El ideal democrático, como es bien sabido, ha significado cosas muy diferentes a lo largo de sus alrededor de dos milenios y medio de existencia. También ha tenido diversos significados para los distintos grupos sociales y para los intelectuales que, en general, los representan. Creo que no me equivoco al identificar dos vertientes diferentes y encontradas de dicho ideal. Me refiero a la vertiente que lo entiende más en clave de igualdad y a la que lo enmarca, más bien, como uno de varios contrapesos del poder, para defender la libertad.
Así, una persona que concibe el ideal democrático en la primera vertiente piensa en una “sociedad democrática” en términos de igualdad social. En ella, las instituciones del Estado deben organizarse para conseguir el objetivo de una sociedad cada vez menos desigual. Eso pasa, por ejemplo, por la política tributaria-fiscal. Se grava con impuestos más altos a las personas de más ingresos y el Estado gasta más en las de menos ingresos. Además, ciertos aspectos que condicionan de modo importante el desarrollo de la persona reciben mayores dotaciones de recursos. Quizá el mejor ejemplo sea el de la educación. Quienes consideran que la igualdad social caracteriza a una sociedad democrática, propugnan por un sistema educativo predominantemente estatal, de principio a fin. Además, ha de ser un sistema dotado de recursos que, en la práctica, lo coloque en pie de igualdad con el sector educativo privado y lo mismo en cuanto a la salud, la cultura, el transporte y la cobertura de los principales riesgos de la vida.
Quienes conciben la democracia como uno de los contrapesos del poder, del poder público, específicamente, más bien la relacionan con el valor de la libertad. En ese sentido, la democracia permite a los ciudadanos remover del poder a un gobernante que cruza ciertos límites o que no usa del poder para proteger los derechos y libertades de los habitantes del Estado. Esta visión de la democracia descarta, como impracticable, la capacidad del Estado de conseguir por medio de determinadas políticas públicas niveles altos de igualdad social, sin destruir, al mismo tiempo, la economía. Para ellos, ciertos niveles de desigualdad son al mismo tiempo naturales e inevitables y el objetivo más importante, desde un punto de vista de política económica, es el crecimiento. Una economía que crezca a un ritmo acelerado asegura un mejor nivel de vida para los segmentos sociales de menores ingresos. Puede que los ricos se hagan todavía más ricos, pero los de menos ingresos salen de la pobreza. En definitiva, quienes ven las cosas de este modo plantean que las políticas igualitarias no pueden, a la vez, combatir la pobreza y la desigualdad.

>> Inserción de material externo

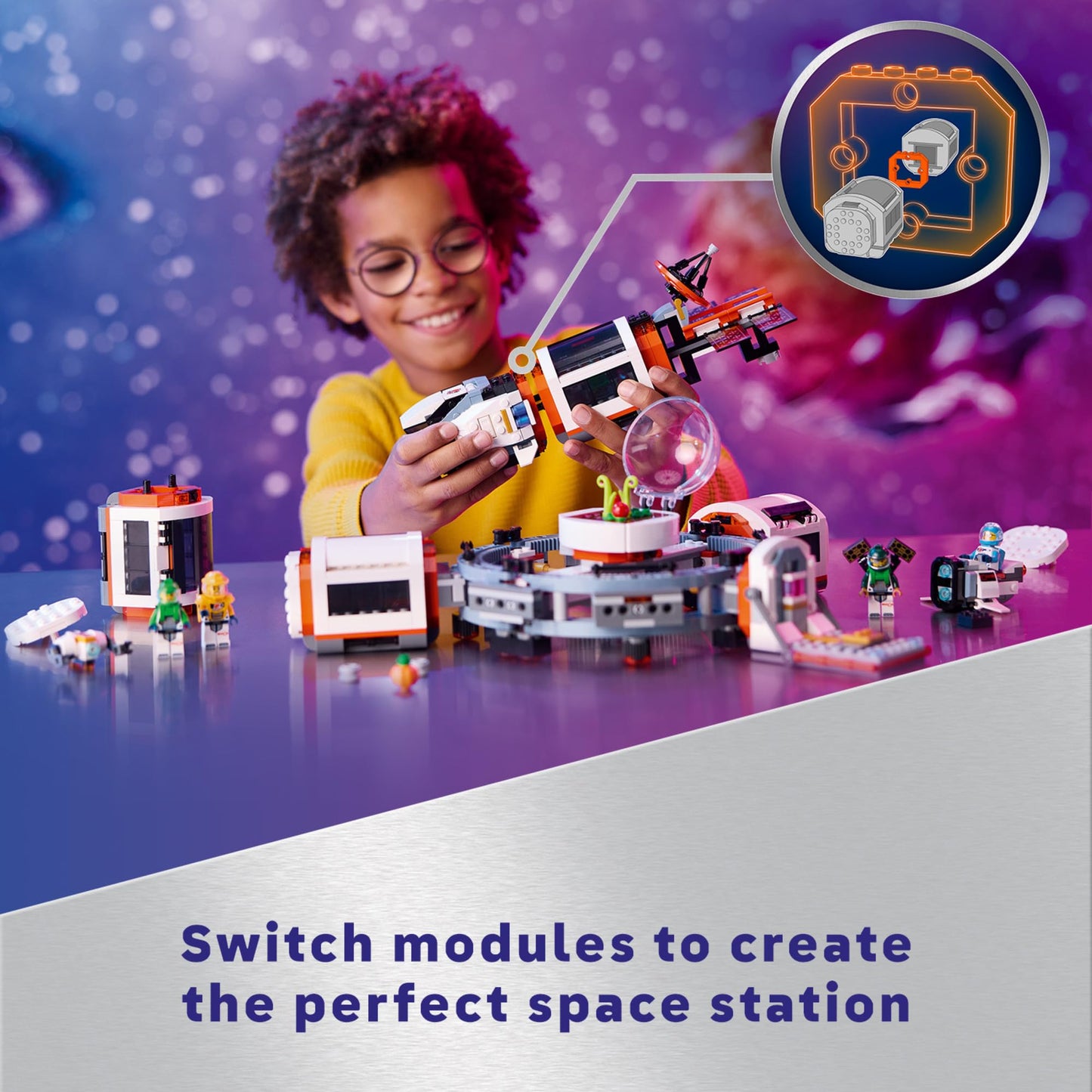LEGO City Modular Space Station 60433 – STEM Space Toy with 6 Astronaut Minifigures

Los que favorecen el ideal de democracia-igualdad apelan a la solidaridad humana, como factor fundamental de la acción individual con proyección social. Sus contrincantes esgrimen la naturaleza humana como es, no como es deseable que fuera; es decir, individuos que actúan para mejorar su propia situación, para sustituir un estado de cosas por otro que, de acuerdo con sus preferencias y valores (que pudieran incluir el altruismo) les arroja mayor satisfacción personal. Ese paradigma de la naturaleza humana explicaría por qué las inversiones privadas descienden cuando los niveles de tributación aumentan y por qué los funcionarios públicos, exentos de la obligación de generar ganancias en cualquier actividad estatal que gestionen —a diferencia de los gerentes de empresa—son administradores ineficientes. Creo que, tras la propaganda electoral y la parafernalia de las campañas políticas, en el fondo, son esas visiones las que están en juego.